Native American History in Walker County
The land in and around Walker County was populated before white settlement, and that ancient connection may help conceive, design, build and promote an ORE. An acknowledgment of the ancient Native American tribes - and we note that the current Native American population of Walker County is only a trace of what it was - that lived on the ORE land and its adjacent environment is not only a demonstration of respect for the land’s history but also potentially good marketing. Evidence suggests that promoting the development’s attention to this ancient connection (and other minority connections) during the planning and building phases not only potentially helps future income but can also be part of publicity campaigns, school/education connections, events, etc.
There is a historic Native American settlement located near where the Walker ORE will be created. In the past, the NPS has been criticized for not properly displaying the history of Native Americans. They responded in 1959 by acquiring sites of the historic conflict between the US Government and Native Americans. This includes Horseshoe Bend National Military Park in Tallapoosa County, AL. The premise was to detail the conflict between the two groups and to explain the battle plans of each side. They also preserved artifacts from the site. It is important to note that this was the site of the single biggest victory for the US Government in the Alabama Creek War, and the one that ended the main Red Stick rebellion (Black).
Black Warrior Town was burned in 1813 as part of the Alabama Creek War. John Coffee commanded the forces that burned it. Davy Crockett was part of those forces. The residents fled just before the forces’ arrival. Before it was burned, it was a regular residential area until the Alabama Creek War. At that time, it was believed but not confirmed that the Red Sticks were using it as a home base (Crockett).
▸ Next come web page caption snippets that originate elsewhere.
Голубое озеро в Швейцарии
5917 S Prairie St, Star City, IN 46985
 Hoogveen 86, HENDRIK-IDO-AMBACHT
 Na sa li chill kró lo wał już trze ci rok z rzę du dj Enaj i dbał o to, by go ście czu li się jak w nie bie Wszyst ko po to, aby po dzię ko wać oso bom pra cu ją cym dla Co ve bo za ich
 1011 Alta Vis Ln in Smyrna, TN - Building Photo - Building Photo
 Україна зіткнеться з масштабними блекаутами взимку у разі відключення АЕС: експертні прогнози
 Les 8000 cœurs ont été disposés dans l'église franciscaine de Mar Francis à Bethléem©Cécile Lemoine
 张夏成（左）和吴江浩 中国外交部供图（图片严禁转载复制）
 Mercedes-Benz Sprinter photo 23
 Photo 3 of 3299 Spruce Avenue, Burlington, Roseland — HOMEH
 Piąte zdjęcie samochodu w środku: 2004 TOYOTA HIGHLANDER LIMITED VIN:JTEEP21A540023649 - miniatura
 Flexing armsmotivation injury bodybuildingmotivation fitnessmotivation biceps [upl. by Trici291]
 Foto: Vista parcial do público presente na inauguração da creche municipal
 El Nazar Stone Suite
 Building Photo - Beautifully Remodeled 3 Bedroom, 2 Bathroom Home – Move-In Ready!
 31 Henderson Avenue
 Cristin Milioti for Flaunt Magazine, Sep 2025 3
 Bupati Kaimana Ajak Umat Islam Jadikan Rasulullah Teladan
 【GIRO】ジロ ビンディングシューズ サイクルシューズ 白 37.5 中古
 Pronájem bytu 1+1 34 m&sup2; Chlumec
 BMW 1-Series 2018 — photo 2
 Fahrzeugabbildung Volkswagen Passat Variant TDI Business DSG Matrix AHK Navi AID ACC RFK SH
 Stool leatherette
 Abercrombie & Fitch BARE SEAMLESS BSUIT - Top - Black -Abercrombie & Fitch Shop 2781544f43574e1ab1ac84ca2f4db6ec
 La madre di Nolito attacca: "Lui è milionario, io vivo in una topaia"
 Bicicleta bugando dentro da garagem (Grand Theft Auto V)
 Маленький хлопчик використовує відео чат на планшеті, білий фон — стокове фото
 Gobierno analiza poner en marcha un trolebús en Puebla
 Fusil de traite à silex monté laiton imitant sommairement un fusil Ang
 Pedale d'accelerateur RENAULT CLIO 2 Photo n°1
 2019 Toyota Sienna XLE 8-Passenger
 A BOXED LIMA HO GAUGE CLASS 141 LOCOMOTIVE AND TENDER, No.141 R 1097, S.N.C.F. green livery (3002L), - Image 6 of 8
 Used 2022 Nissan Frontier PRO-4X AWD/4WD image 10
This places Black Warrior Town in a grey area. Should we choose to not acknowledge it, we run the risk of being accused of erasing the history of the area. If we reference it as a place of residence, we risk being accused of ignoring why it is no longer inhabited. If we acknowledge it as a place of battle, we likely avoid accusation, but also erase the history of the area that shows Native Americans as more than a subject for destruction.
Alternatively, if the location of Black Warrior Town received some form of acknowledgment of the entirety of its history, the Walker ORE would likely be subject to less criticism for not including a reference.